EXERCISE OBJECTIVE:
Print the data below again in full, exactly as it stands, with no images.

EXERCISE MATERIALS: Begin

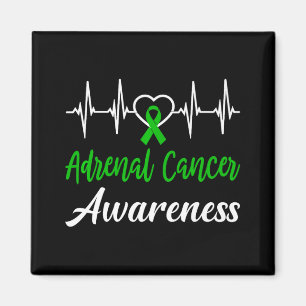 Adrenal Cancer Awareness Love Heartbeat Green Ribb Magnet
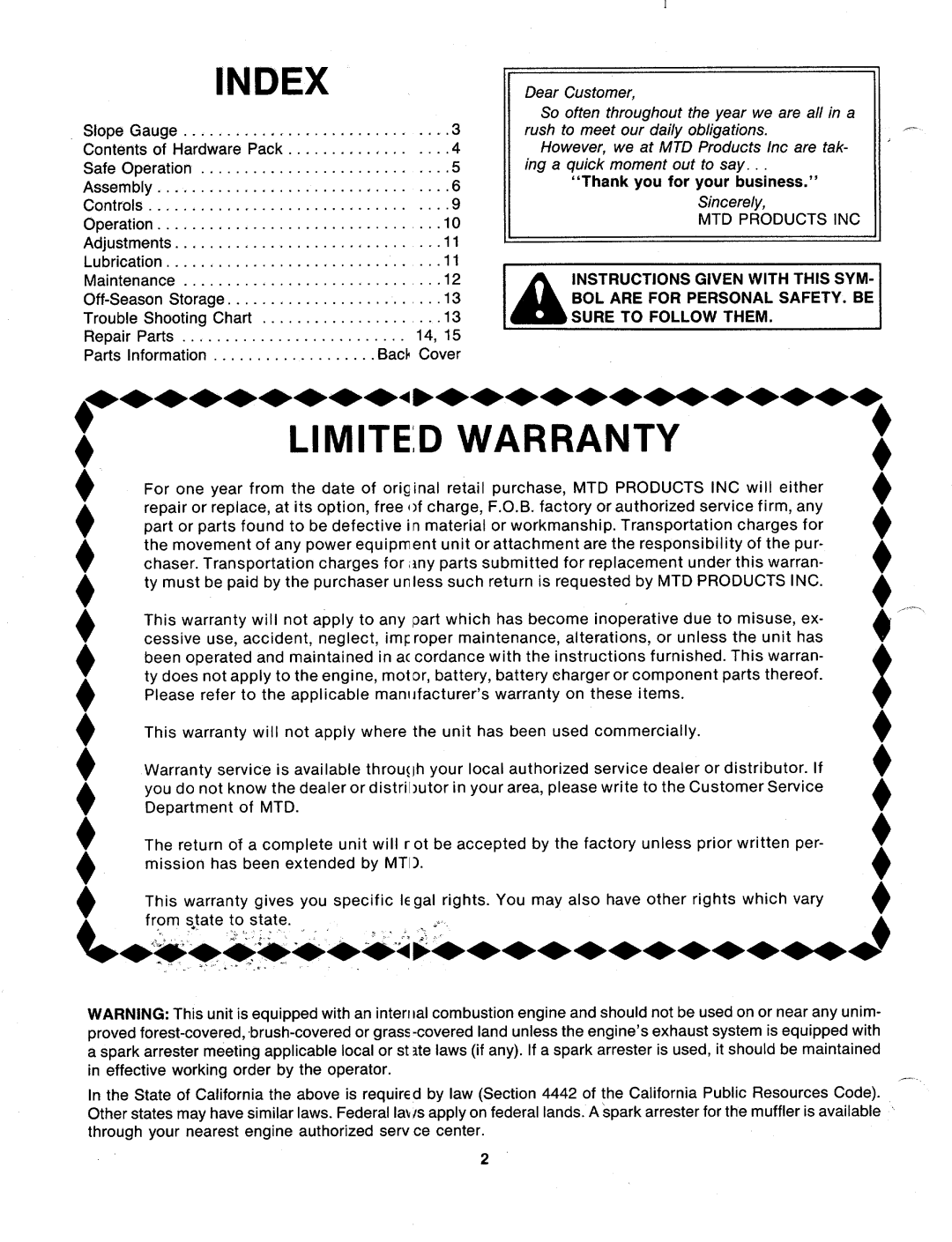 MTD 118-062R000, 118-050R000, 118-061R000, 118-051R000, 118-052R000, 118-053R000, 118-060R000, 118-063R000 manual 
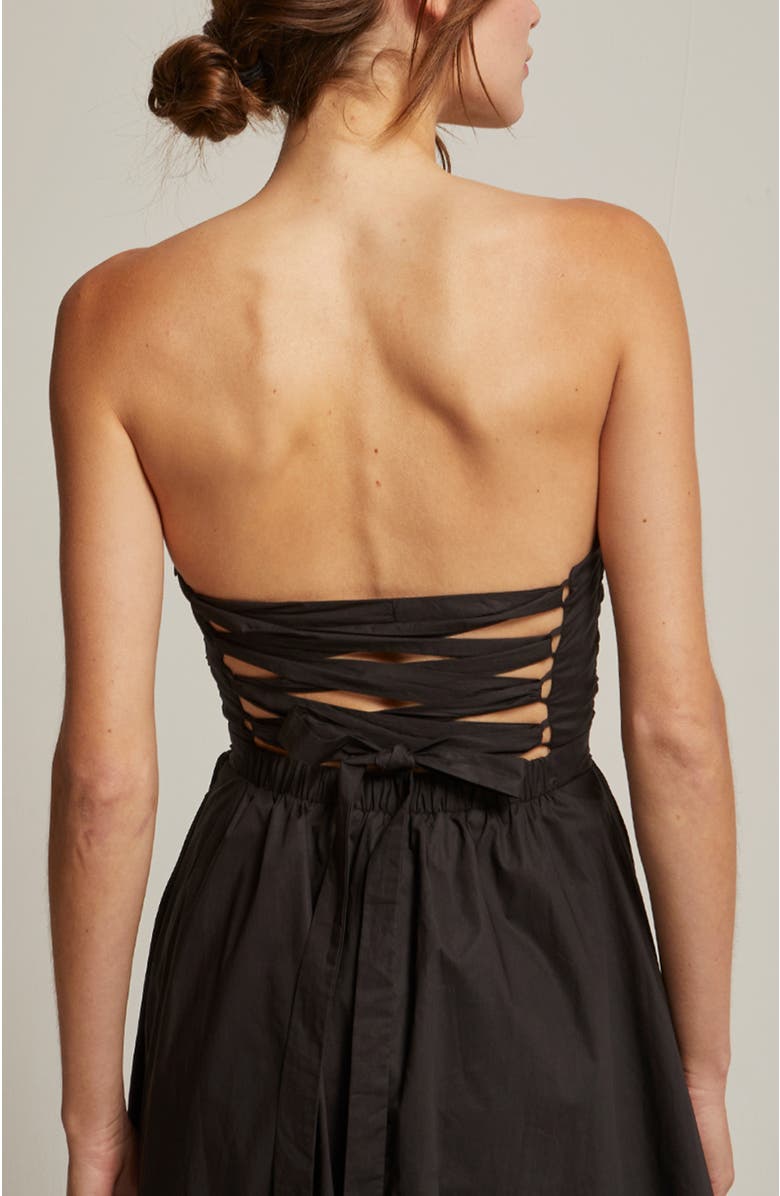 CRESCENT Lace Up Back Poplin Midi Dress, Alternate, color,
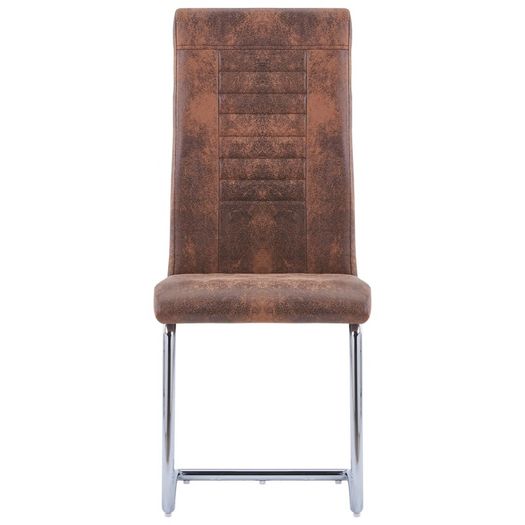 Cantilever Dining Chairs 6 pcs Brown Faux Suede Leather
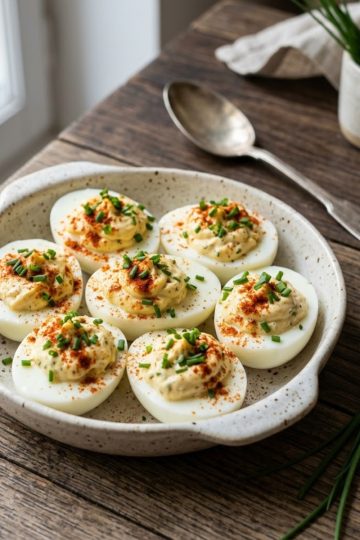 Assiette d'œufs mayonnaise maison garnis de paprika et ciboulette, style bistrot françaisjpeg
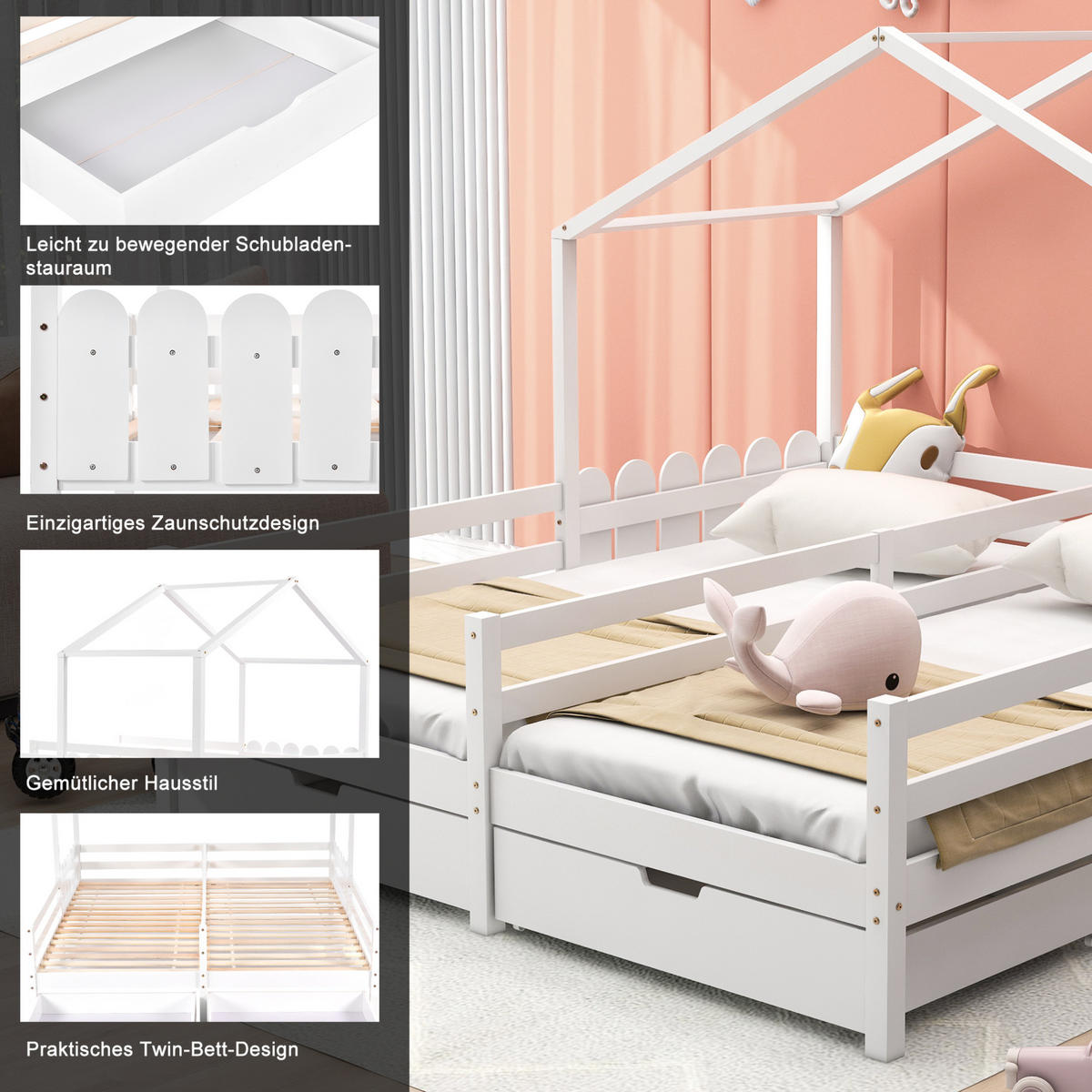 HAUSBETT aus Kiefer und MDF 200x90 cm Weiß mit 2 Schubladen, Schutzgitter und geteiltem Hausbett-Design - Weiß, Holzwerkstoff (90/200cm) - Modfu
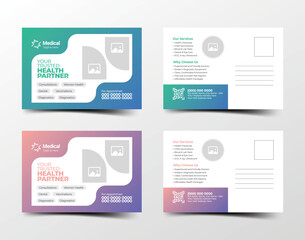 Clean and editable medical postcard template for doctor, hospital, and health service advertising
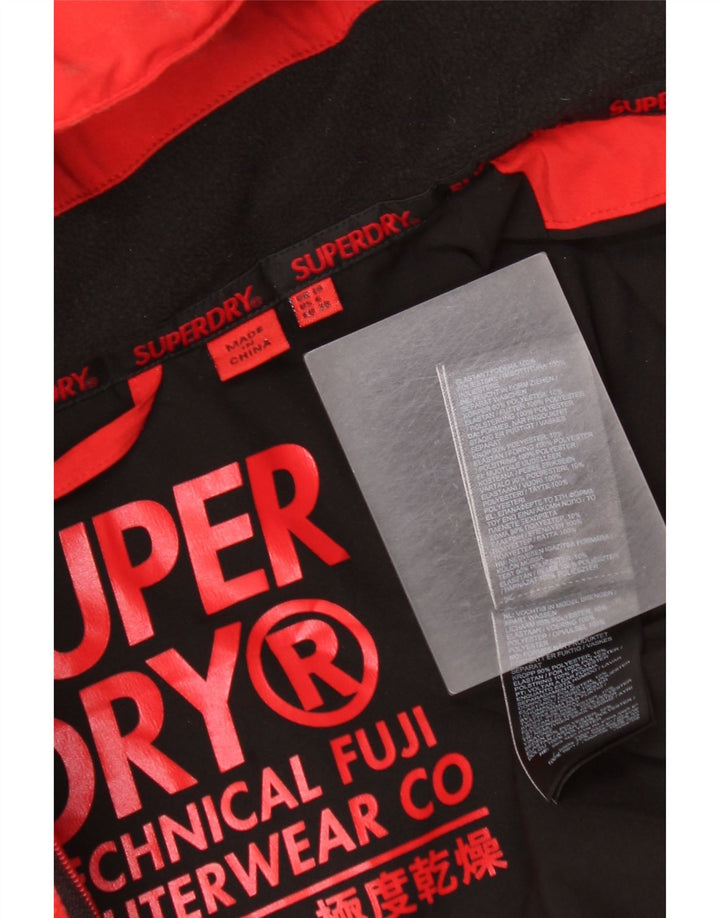 Superdry ženska prevelika podstavljena jakna s kapuljačom UK 10 mali crveni poliester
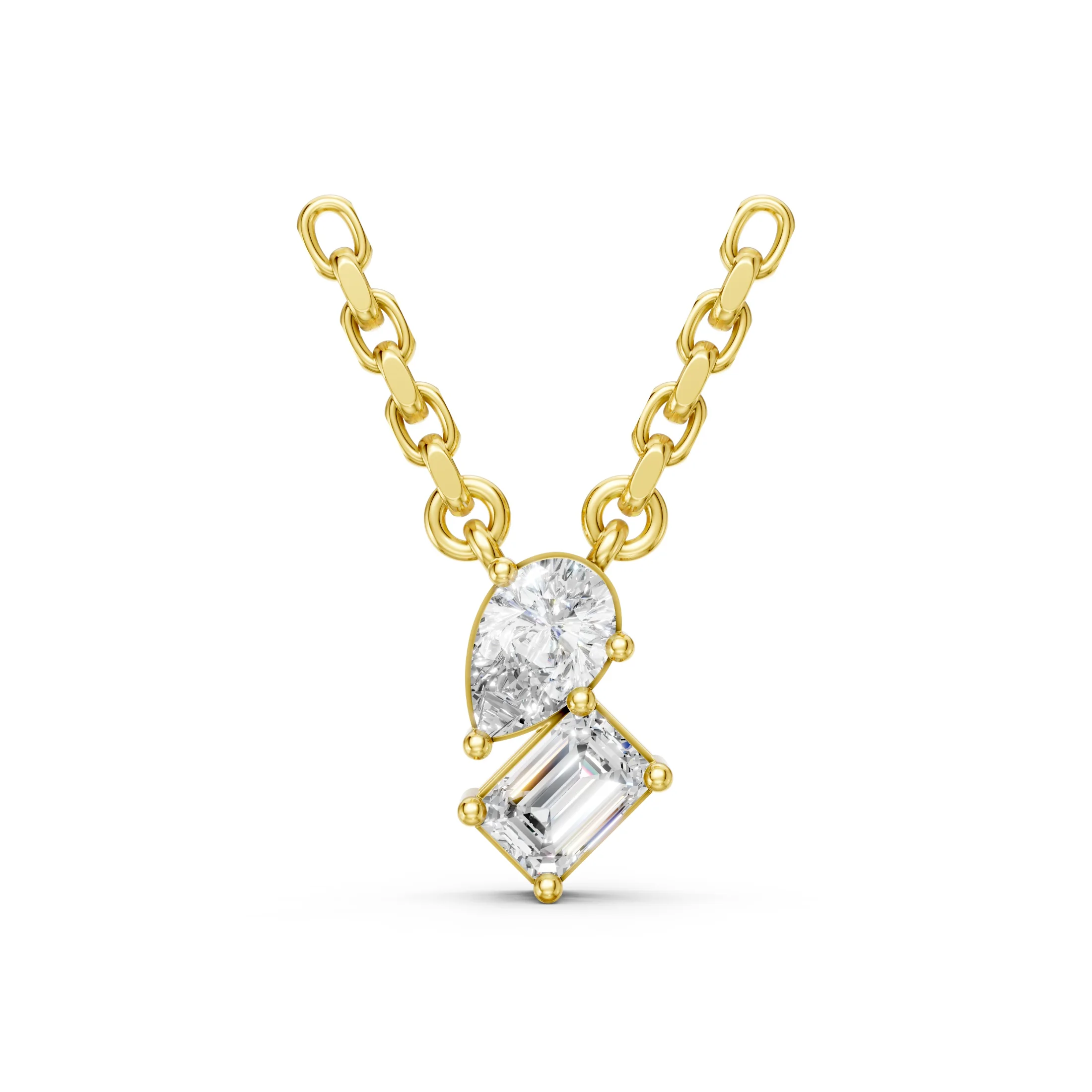 Pear and emerald-cut diamond Toi-Et-Moi necklace with a vertical two-stone arrangement and individual prong settings.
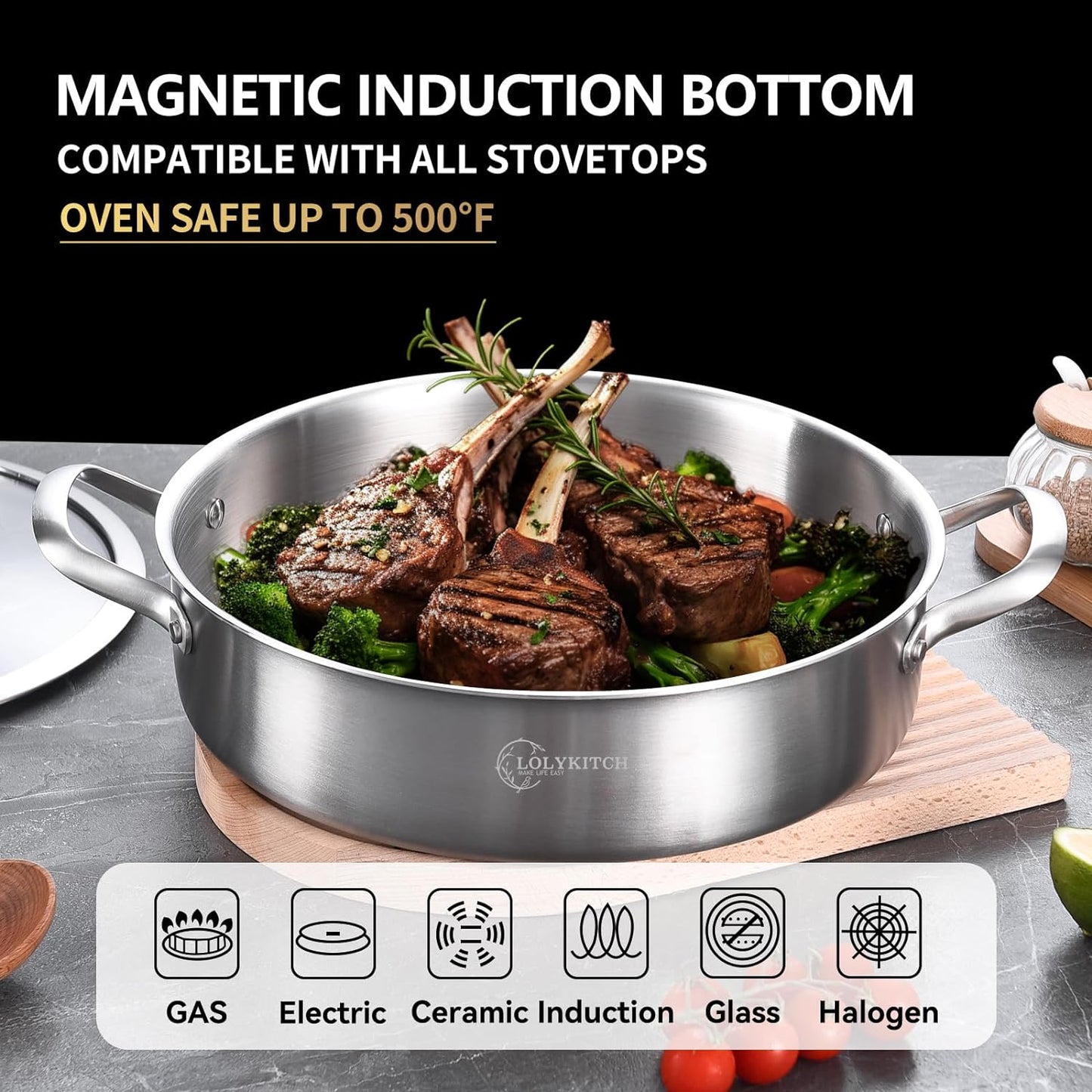 LOLYKITCH 12 Inch Tri-ply Stainless Steel 5.5 QT Sauté Pan and 8-10 Inch Frying Pan Set of 3,Induction Cookware,Dishwasher and Oven Safe.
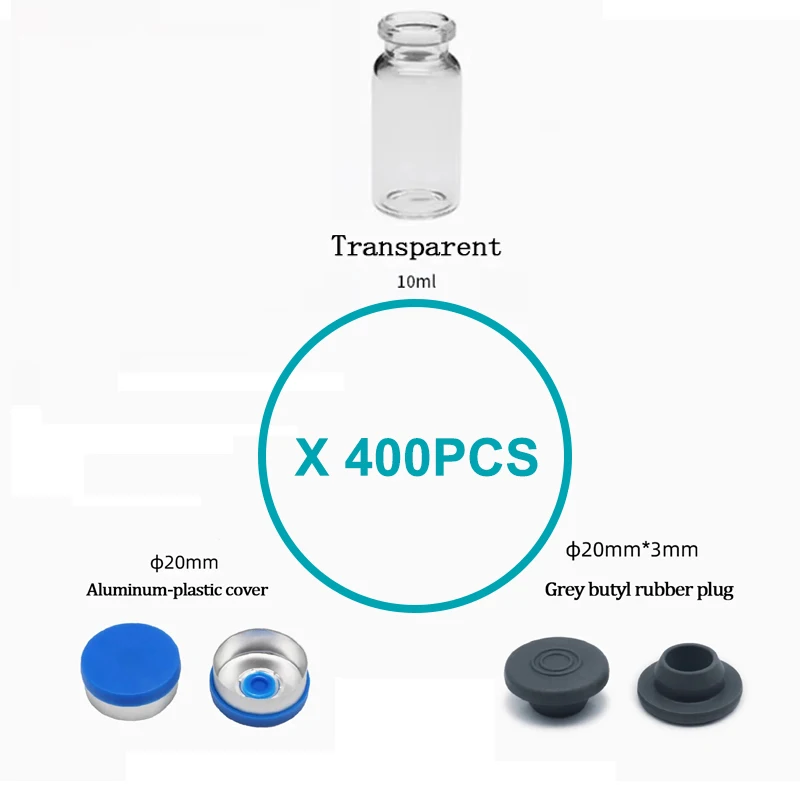 

400 шт., бутылка из боросиликатного стекла с зажимом для головы, 10 мл, прозрачная алюминиевая пластиковая крышка, серая бутилкаучуковая заглушка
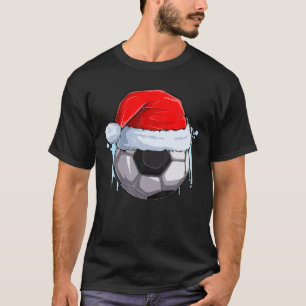Camiseta Bola De Futebol Natal Do Xmas Em Santa Claus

EXERCISE MATERIALS: End

TASK ANSWER:
 Adrenal Cancer Awareness Love Heartbeat Green Ribb Magnet
 MTD 118-062R000, 118-050R000, 118-061R000, 118-051R000, 118-052R000, 118-053R000, 118-060R000, 118-063R000 manual 
 CRESCENT Lace Up Back Poplin Midi Dress, Alternate, color,
 Cantilever Dining Chairs 6 pcs Brown Faux Suede Leather
 Assiette d'œufs mayonnaise maison garnis de paprika et ciboulette, style bistrot françaisjpeg
 HAUSBETT aus Kiefer und MDF 200x90 cm Weiß mit 2 Schubladen, Schutzgitter und geteiltem Hausbett-Design - Weiß, Holzwerkstoff (90/200cm) - Modfu
 Clean and editable medical postcard template for doctor, hospital, and health service advertising
 Superdry ženska prevelika podstavljena jakna s kapuljačom UK 10 mali crveni poliester
 Pear and emerald-cut diamond Toi-Et-Moi necklace with a vertical two-stone arrangement and individual prong settings.
 LOLYKITCH 12 Inch Tri-ply Stainless Steel 5.5 QT Sauté Pan and 8-10 Inch Frying Pan Set of 3,Induction Cookware,Dishwasher and Oven Safe.

400 шт., бутылка из боросиликатного стекла с зажимом для головы, 10 мл, прозрачная алюминиевая пластиковая крышка, серая бутилкаучуковая заглушка
Camiseta Bola De Futebol Natal Do Xmas Em Santa Claus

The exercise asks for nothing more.